When Weil joined in spring 2016, he said in the the Instagram brass had come to a conclusion.

"A year ago, Instagram was a product for your highlights," rather than a place where users posted content about more routine events in their lives, Weil said in the video.

In other words, it had not changed much since Systrom had started it as a sort of daily photo diary back in 2010.

"If people are going to post multiple times throughout the day, the product needs to be more 'person-oriented' than 'feed-oriented," Weil explained.

That meant allowing users to post not only square photos but videos of varying shapes, sizes and lengths.

Instagram also has a culture designed for doing "the simple things first."

In the video, he says, "If you start simple, systems will get more complex (eventually)...If you start complex, you're in trouble."

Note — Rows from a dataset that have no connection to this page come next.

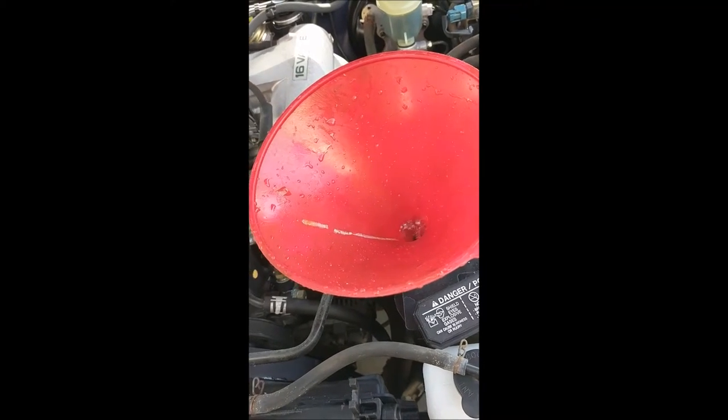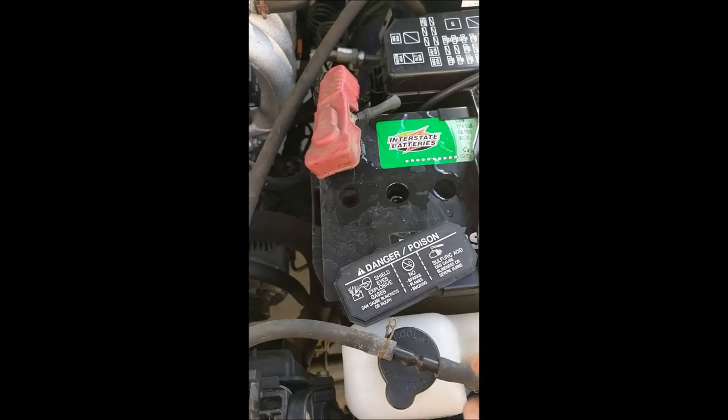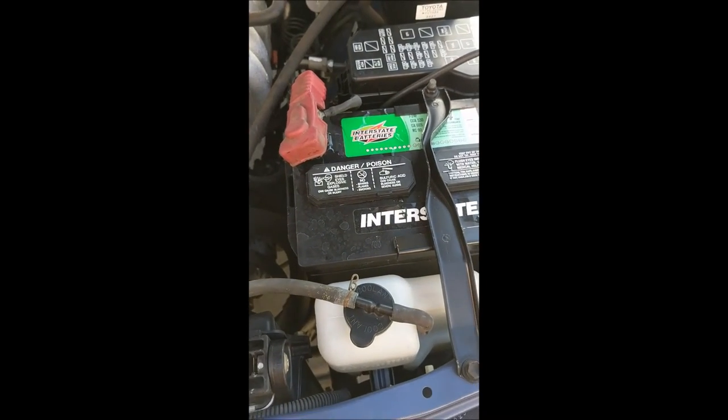Repeat each step for each cylinder you have on the battery. When you're done, replace the cap, and that's it. Thanks for watching.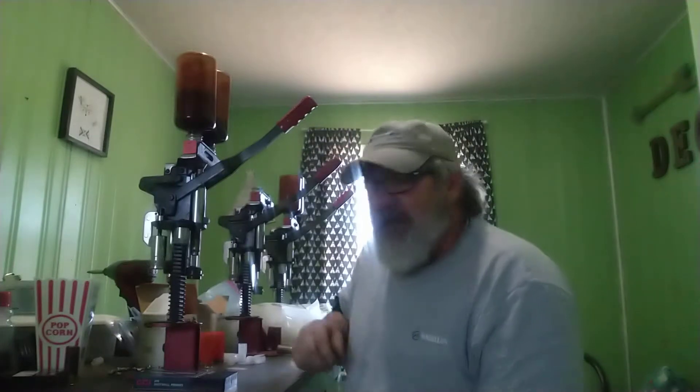Hello, welcome back to shooting on the Circle M Ranch. Today we're at my son's house. We've got tired of shooting Walmart shells, so we are loading our own.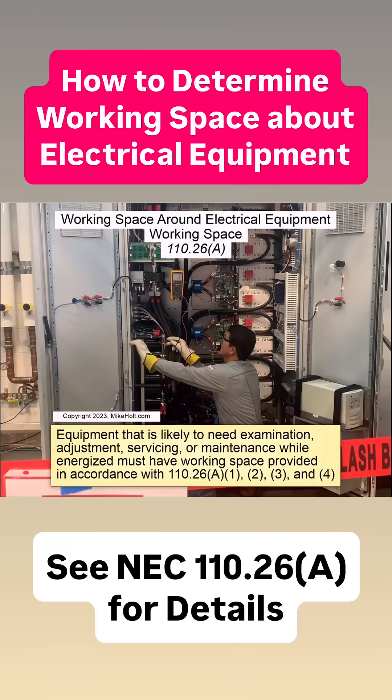Hey, Mike here, MikeHolt.com. Let's take a look at our code books, 110-26A. Very important topic: working space around electrical equipment.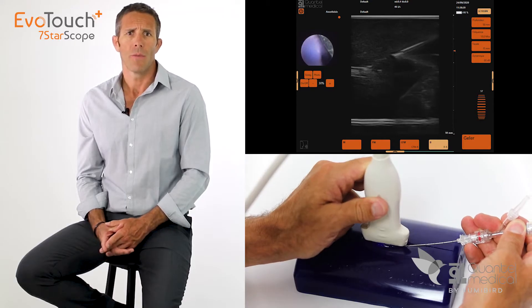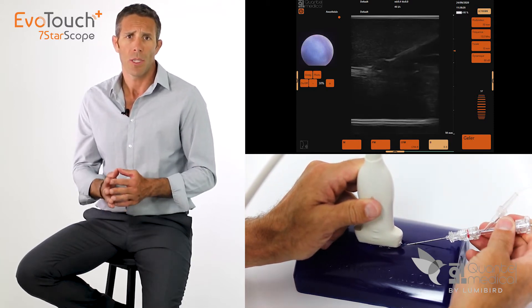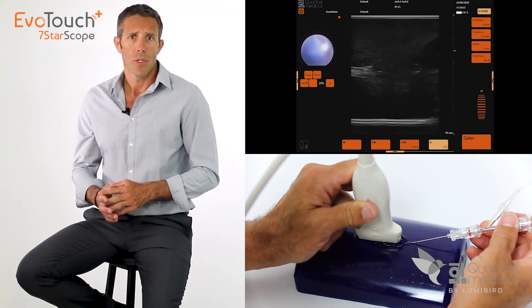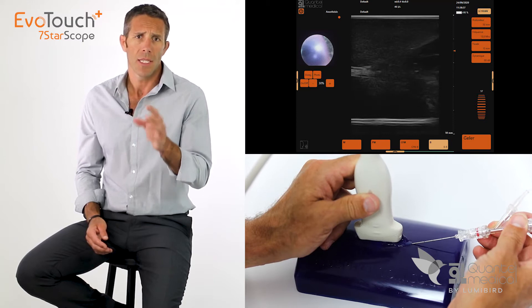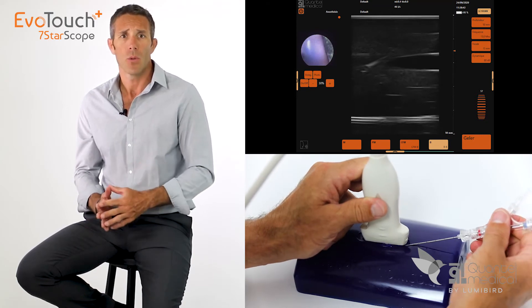After choosing the appropriate probe for the procedure to be performed, we will first use the high-resolution ultrasound image of the EvoTouch Plus to accurately follow the path of the cannula through the tissue. The image quality of the EvoTouch Plus will allow for a perfect visualization of the hyper-echogenic 18-gauge needle, following the path of the cannula through the tissue directly on the screen and without effort.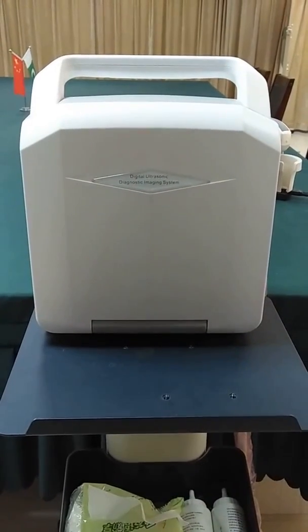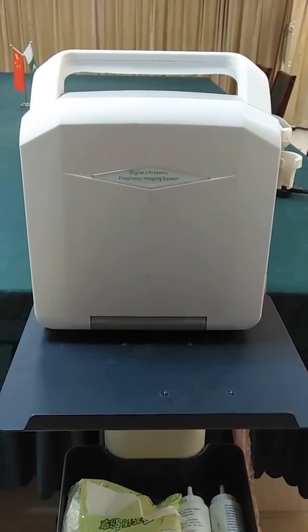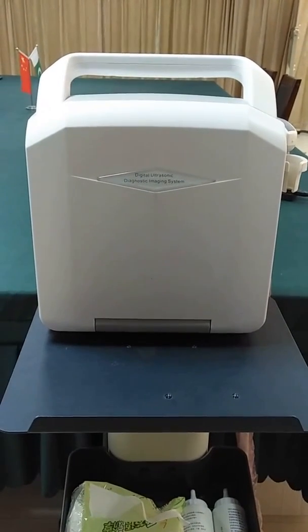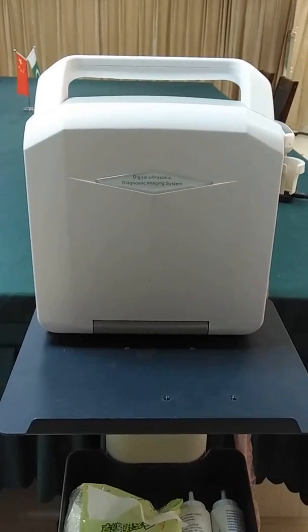Hello everyone. Here comes the most popular black-and-white ultrasound machine: the Digital Ultrasonic Diagnostic Imaging System.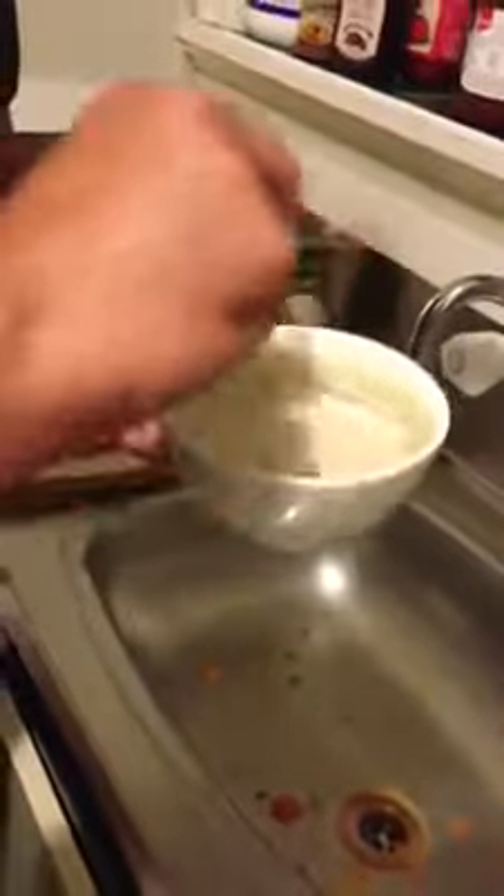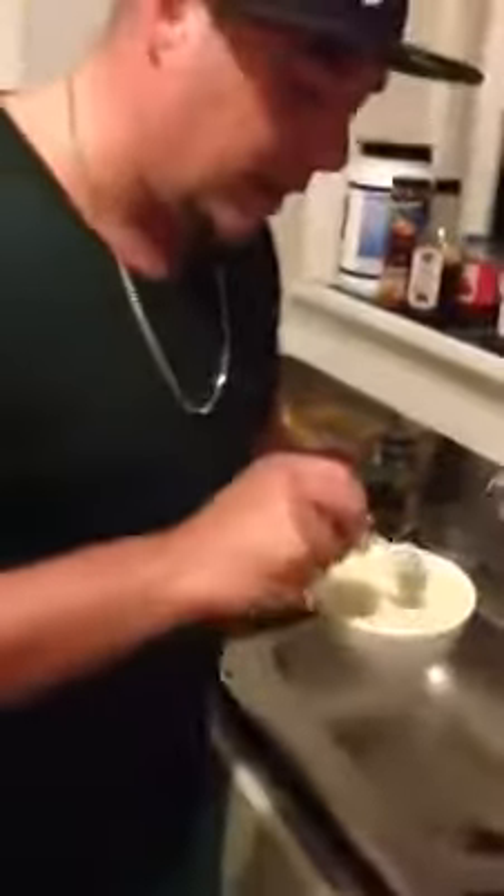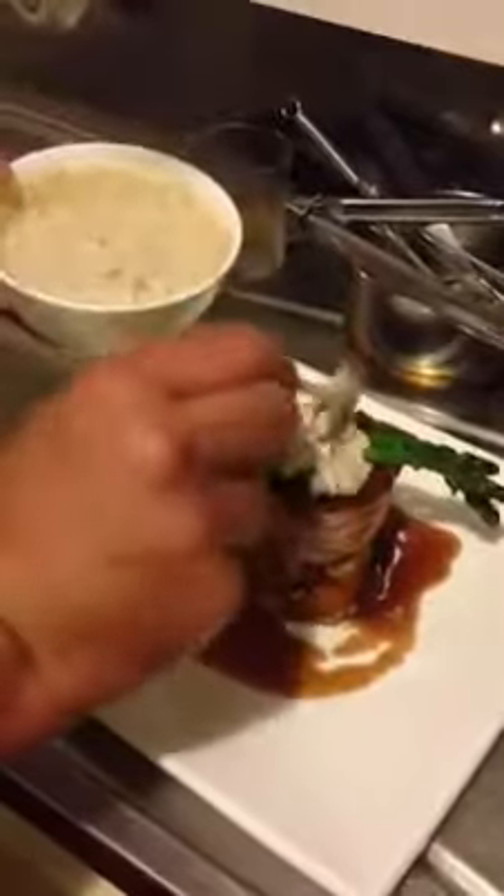A choron is a derivative of a hollandaise. All we've done is we've added a bit of tarragon, which is béarnaise sauce. And then we've added tomato, which makes it a choron sauce. So it's altered the color, but it's given it a bit better texture and a bit more substance. And we're just going to put that on the top as well.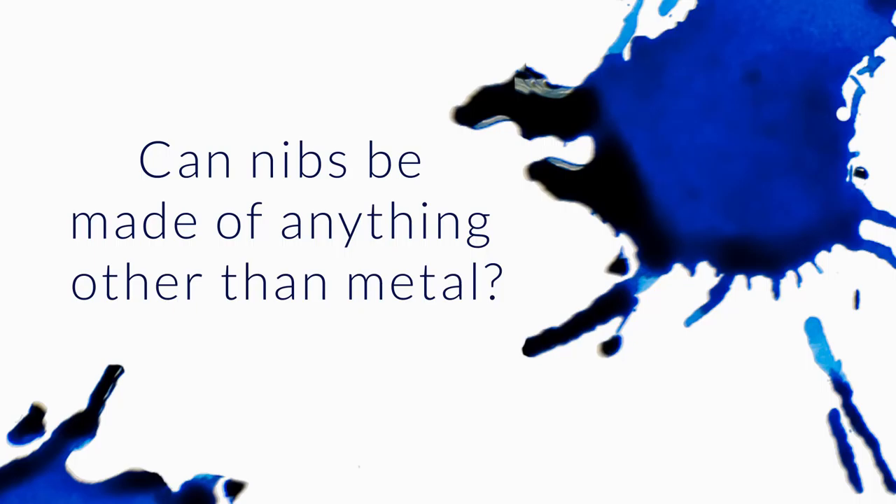Can nibs be made with anything other than metals? Absolutely they can. With the question you're asking, I'm not sure if you mean like, can you get a plastic nib that looks exactly like this and just swap it out? Generally speaking, no.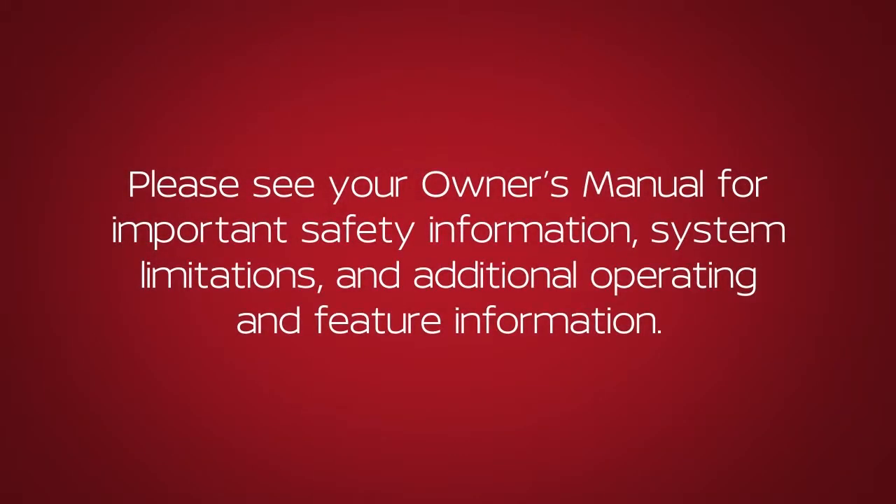Please see our Owner's Manual for important safety information, system limitations and additional operating and feature information.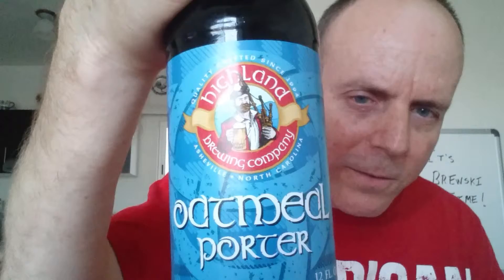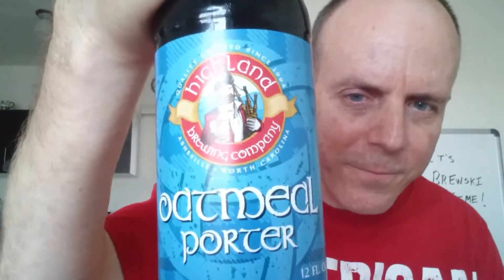Hey gang, welcome to another Chingo Gringo beer review. Today we have an American beer and it's one of my favorite styles. A couple reviews back I did a review of Highland Brewing Company's black mocha stout. Well today is my other favorite dark beer — you guessed it, it's a porter. I'm going to review Highland Brewing Company's oatmeal porter.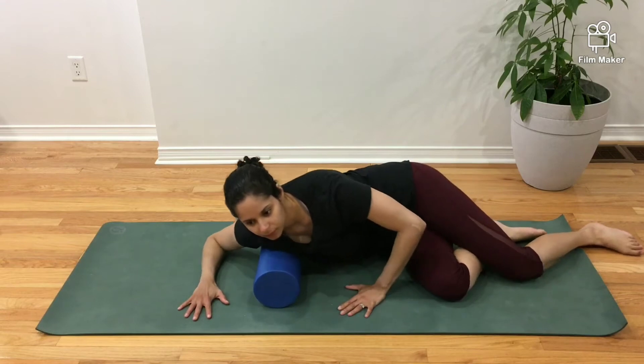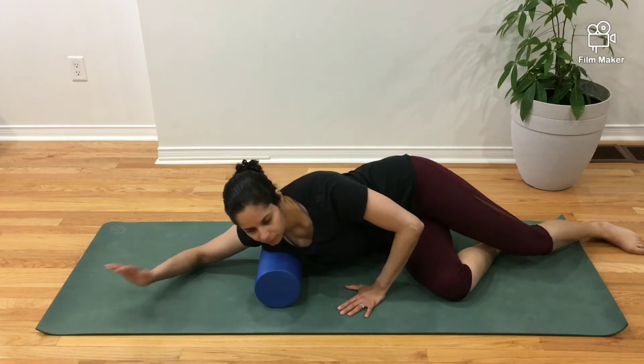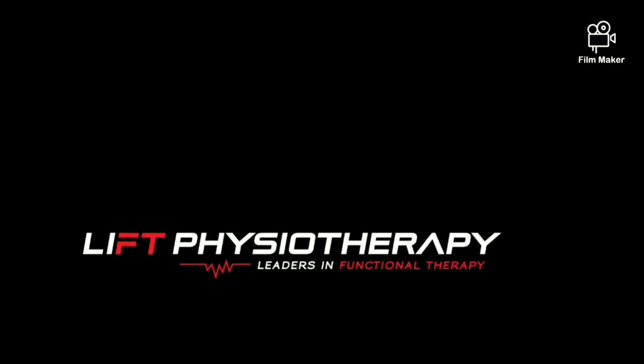When foam rolling, you can change the position of your shoulder or arm to target a more specific region of this muscle. For most of us who spend our days in a sedentary position, the pecs are a common muscle group vulnerable to getting tight.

Also, while big product launches are important, "what people miss are the little changes...Facebook and Instagram are better at that than anyone," he says.

Weil, whose 30-person team (as of May) work "all in the same room," also credits Systrom and Zuckerberg for maintaining Instagram's independence.

"I give a lot of credit to the two founders..We're a tiny company that gets to be a superpower because we're part of Facebook," according to Weil.

As for Snapchat, Weil gives it its due— up to a point.

"Snapchat was the first to create the format...more power to them, they did a fantastic job," he said.

An 'insane' personal life

In the 15 months since Weil joined Instagram, something else has grown:

His wife had twins and now the couple have three very young children, according to his Twitter feed and the video.

When Seelig asked whether his life has "balance," Weil chuckled and described his home life as "insanity...life is insane between six and nine (p.m.)"

Asked whether he sleeps, Weil answered "not much, that's mostly what we sacrifice."

In spite of all that, this past spring he ran the American River 50 again and did slightly better, finishing fourth.

In a fitting bit of irony, Weil also attended Harvard at the same time as Mark Zuckerberg, who never finished his Harvard degree. (Zuckerberg received an honorary degree last month, when he delivered the university's commencement speech.)

After Zuckerberg left for California and never came back, Weil, who as a junior was one year ahead of Zuckerberg, described his reaction.

"I'm sitting there going, 'He's giving up a Harvard degree to go work on some company? What an idiot!'...Now 12 years later I'm working for him."